▸ **Task instructions**
Only the lines below, from the one with "Felpa in cotone" through the one with "Jimmy Floyd Hasselbaink", are to be written out, exactly.

Crawled caption data:
########

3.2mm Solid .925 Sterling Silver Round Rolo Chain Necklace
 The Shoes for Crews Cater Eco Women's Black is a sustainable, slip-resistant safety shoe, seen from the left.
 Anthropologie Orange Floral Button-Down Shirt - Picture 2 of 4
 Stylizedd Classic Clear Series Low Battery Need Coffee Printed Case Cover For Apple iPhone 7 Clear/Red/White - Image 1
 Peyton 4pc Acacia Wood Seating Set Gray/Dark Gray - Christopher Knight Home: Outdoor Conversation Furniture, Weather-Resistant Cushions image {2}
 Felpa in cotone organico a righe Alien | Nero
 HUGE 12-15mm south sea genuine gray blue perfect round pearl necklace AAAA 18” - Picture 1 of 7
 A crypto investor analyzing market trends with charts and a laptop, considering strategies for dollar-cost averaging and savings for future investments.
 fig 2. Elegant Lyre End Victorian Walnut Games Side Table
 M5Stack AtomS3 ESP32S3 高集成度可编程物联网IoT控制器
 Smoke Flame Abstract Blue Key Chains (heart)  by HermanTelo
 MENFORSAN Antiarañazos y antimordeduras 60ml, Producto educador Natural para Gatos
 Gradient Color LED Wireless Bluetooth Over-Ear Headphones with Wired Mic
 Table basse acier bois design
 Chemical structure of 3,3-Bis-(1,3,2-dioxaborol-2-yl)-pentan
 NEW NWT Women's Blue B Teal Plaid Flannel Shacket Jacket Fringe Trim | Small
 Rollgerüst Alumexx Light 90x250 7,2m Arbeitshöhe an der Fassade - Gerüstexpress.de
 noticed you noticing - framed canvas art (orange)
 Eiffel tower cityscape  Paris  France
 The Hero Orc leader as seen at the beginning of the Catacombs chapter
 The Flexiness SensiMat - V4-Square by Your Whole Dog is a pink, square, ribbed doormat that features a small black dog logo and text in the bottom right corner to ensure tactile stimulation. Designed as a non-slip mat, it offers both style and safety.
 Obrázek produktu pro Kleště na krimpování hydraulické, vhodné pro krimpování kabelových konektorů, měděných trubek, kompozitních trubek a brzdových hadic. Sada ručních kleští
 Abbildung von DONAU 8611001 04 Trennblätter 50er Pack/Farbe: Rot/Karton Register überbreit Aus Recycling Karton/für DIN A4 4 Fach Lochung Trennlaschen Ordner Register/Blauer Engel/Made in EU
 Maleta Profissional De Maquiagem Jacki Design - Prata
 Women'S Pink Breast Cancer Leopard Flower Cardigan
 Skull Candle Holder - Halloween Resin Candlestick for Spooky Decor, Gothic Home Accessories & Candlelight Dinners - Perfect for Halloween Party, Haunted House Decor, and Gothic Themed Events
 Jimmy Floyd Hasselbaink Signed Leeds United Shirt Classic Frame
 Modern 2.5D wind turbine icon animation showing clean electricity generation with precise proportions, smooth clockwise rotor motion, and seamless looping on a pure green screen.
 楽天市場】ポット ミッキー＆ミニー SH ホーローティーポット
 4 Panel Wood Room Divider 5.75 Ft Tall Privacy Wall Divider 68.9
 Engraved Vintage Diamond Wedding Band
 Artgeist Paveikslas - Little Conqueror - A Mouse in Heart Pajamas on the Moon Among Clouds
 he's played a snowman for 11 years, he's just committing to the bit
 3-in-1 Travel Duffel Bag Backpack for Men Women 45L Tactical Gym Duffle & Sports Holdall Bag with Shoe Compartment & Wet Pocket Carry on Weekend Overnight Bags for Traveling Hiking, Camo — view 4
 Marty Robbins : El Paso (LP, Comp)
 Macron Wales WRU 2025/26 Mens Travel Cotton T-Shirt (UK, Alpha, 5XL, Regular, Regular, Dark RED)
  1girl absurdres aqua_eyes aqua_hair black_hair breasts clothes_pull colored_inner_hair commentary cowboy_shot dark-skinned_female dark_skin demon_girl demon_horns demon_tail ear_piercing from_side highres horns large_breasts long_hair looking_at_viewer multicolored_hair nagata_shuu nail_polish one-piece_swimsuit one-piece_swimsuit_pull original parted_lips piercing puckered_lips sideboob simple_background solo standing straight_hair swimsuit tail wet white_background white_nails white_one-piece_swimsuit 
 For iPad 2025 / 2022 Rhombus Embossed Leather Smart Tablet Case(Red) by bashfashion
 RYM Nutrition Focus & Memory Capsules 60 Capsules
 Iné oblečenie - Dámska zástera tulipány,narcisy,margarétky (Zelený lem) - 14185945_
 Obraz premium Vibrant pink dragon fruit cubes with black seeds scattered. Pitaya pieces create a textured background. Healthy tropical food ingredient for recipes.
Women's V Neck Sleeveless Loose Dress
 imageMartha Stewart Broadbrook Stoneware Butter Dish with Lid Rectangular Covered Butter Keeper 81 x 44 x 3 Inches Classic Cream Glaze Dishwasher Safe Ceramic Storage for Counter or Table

########

▸ **Solved exercise**
 Felpa in cotone organico a righe Alien | Nero
 HUGE 12-15mm south sea genuine gray blue perfect round pearl necklace AAAA 18” - Picture 1 of 7
 A crypto investor analyzing market trends with charts and a laptop, considering strategies for dollar-cost averaging and savings for future investments.
 fig 2. Elegant Lyre End Victorian Walnut Games Side Table
 M5Stack AtomS3 ESP32S3 高集成度可编程物联网IoT控制器
 Smoke Flame Abstract Blue Key Chains (heart)  by HermanTelo
 MENFORSAN Antiarañazos y antimordeduras 60ml, Producto educador Natural para Gatos
 Gradient Color LED Wireless Bluetooth Over-Ear Headphones with Wired Mic
 Table basse acier bois design
 Chemical structure of 3,3-Bis-(1,3,2-dioxaborol-2-yl)-pentan
 NEW NWT Women's Blue B Teal Plaid Flannel Shacket Jacket Fringe Trim | Small
 Rollgerüst Alumexx Light 90x250 7,2m Arbeitshöhe an der Fassade - Gerüstexpress.de
 noticed you noticing - framed canvas art (orange)
 Eiffel tower cityscape  Paris  France
 The Hero Orc leader as seen at the beginning of the Catacombs chapter
 The Flexiness SensiMat - V4-Square by Your Whole Dog is a pink, square, ribbed doormat that features a small black dog logo and text in the bottom right corner to ensure tactile stimulation. Designed as a non-slip mat, it offers both style and safety.
 Obrázek produktu pro Kleště na krimpování hydraulické, vhodné pro krimpování kabelových konektorů, měděných trubek, kompozitních trubek a brzdových hadic. Sada ručních kleští
 Abbildung von DONAU 8611001 04 Trennblätter 50er Pack/Farbe: Rot/Karton Register überbreit Aus Recycling Karton/für DIN A4 4 Fach Lochung Trennlaschen Ordner Register/Blauer Engel/Made in EU
 Maleta Profissional De Maquiagem Jacki Design - Prata
 Women'S Pink Breast Cancer Leopard Flower Cardigan
 Skull Candle Holder - Halloween Resin Candlestick for Spooky Decor, Gothic Home Accessories & Candlelight Dinners - Perfect for Halloween Party, Haunted House Decor, and Gothic Themed Events
 Jimmy Floyd Hasselbaink Signed Leeds United Shirt Classic Frame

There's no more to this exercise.